DATASET EXTRACT:
-------

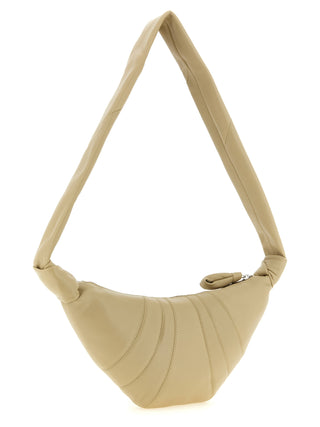 Beige Lamb Leather Shoulder Bag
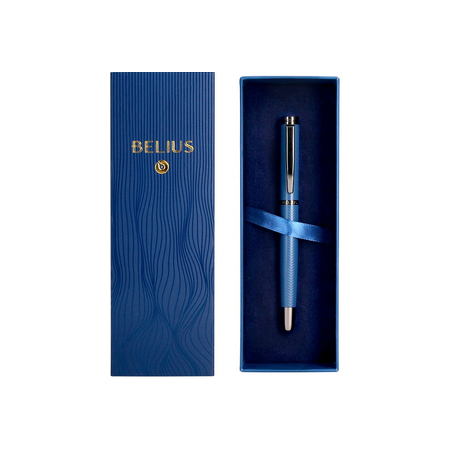 Stylo Bille Bélius Neptuno bleu marine texture ondulée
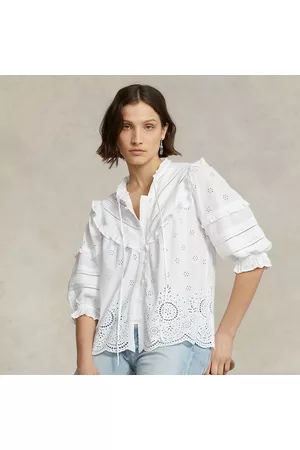 Ralph Lauren Mujer Camisetas y Tops - Top de voile con bordado suizo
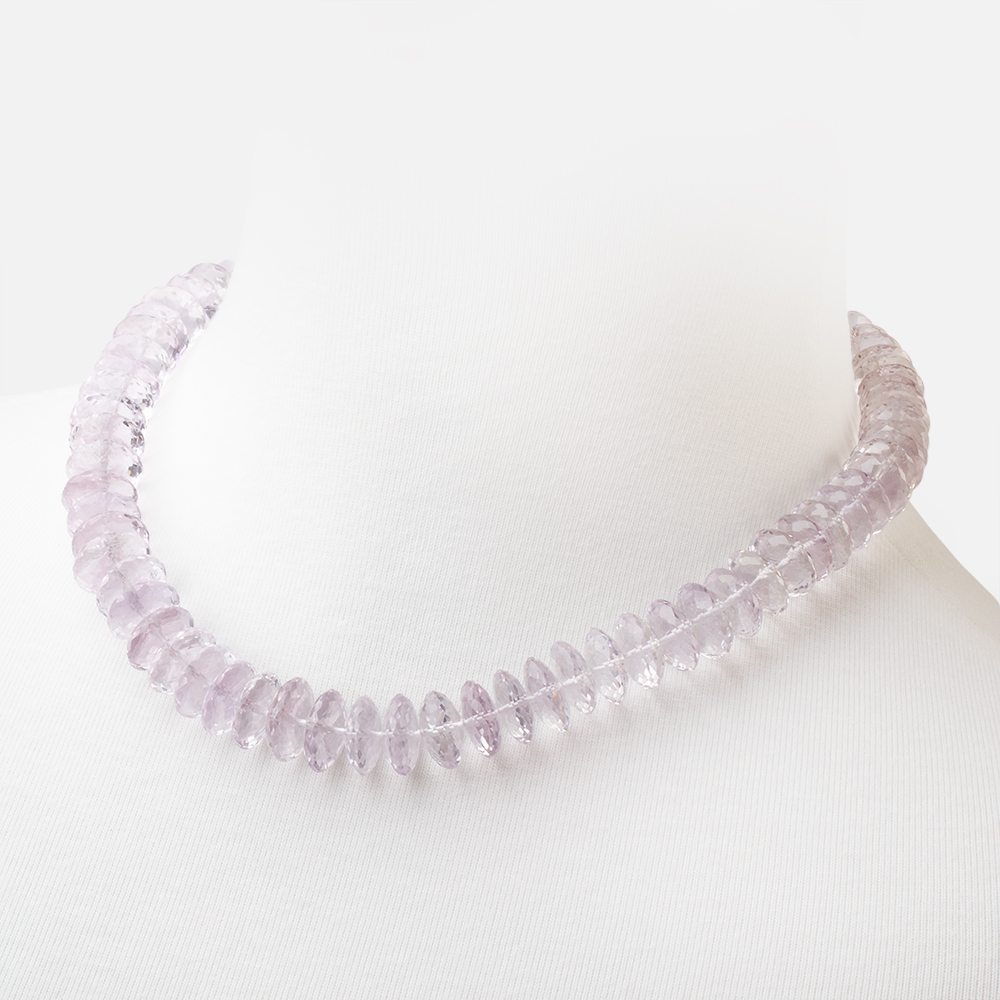 Pink Amethyst German Faceted Rondelle Necklace with a 14kt Gold Clasp AAA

-------

YOUR GOAL:
Repeat the data word for word, excluding any image.

SOLVED PROBLEM:
 Beige Lamb Leather Shoulder Bag
 Stylo Bille Bélius Neptuno bleu marine texture ondulée
 Ralph Lauren Mujer Camisetas y Tops - Top de voile con bordado suizo
 Pink Amethyst German Faceted Rondelle Necklace with a 14kt Gold Clasp AAA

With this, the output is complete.